At the height of its power, the Islamic State controlled a populace of 12 million and a territory roughly the size of Great Britain. Last week, the very last vestiges of the jihadist institution had been scrubbed from northern Syria, its previously ambitious and violent guys looking haggard and defeated as they sat in dusty rows out of doors of Baghuz. The Syrian Democratic Forces, a predominantly Kurdish military backed by the aid of the international Coalition in opposition to ISIS, declared navy victory on March 23 after the months-long “Cizirê Storm” offensive to free up the closing fragment of the caliphate.
Though this is by no means the definitive end of ISIS, the significance of the liberation of Baghuz now needs to be underestimated.
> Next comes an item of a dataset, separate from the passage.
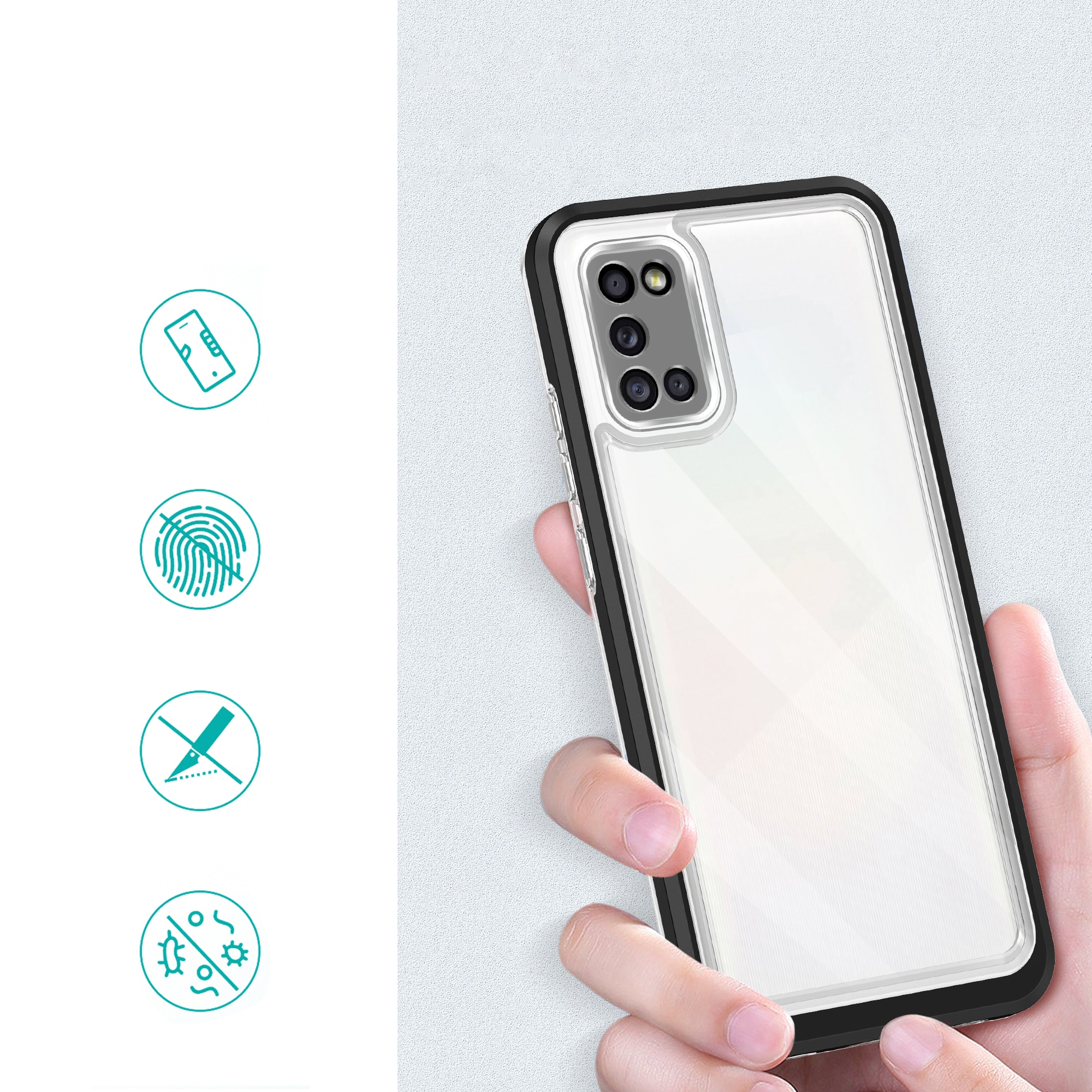 Kirkas 3in1 tapauksessa Samsung Galaxy A03s (166) runko geeli kansi musta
The importance of the victory was perhaps greatly exemplified with the aid of photographs of woman infantrymen throwing the black jihadist flag to the floor and raising in its location the flag of the YPJ, the Women’s Defense Units of the SDF. The symbolism of the sort of moment, against the backdrop of ISIS’s brutal sexual enslavement of Yazidi girls and weaponization of rape as a device of war, turned into misplaced on no person.
Sexual slavery is most effectively considered one of several global crimes ISIS is accused of committing, among them the genocide of Yazidi and Christian minorities, and different barbaric acts amounting to war crimes and crimes against humanity. The important goal of the anti-ISIS Coalition now needs to be turning injustice to the sufferers of ISIS crimes, a challenging undertaking that ought to account for each political reality and each nation’s duties under international human rights law. The pursuit of justice for ISIS crimes is an undeniably worldwide issue: according to the co-chair of the Syrian Democratic Council, at least fifty-seven 000 human beings in SDF detention camps, more than 12,000 are ‘foreigners’ from forty-eight special countries.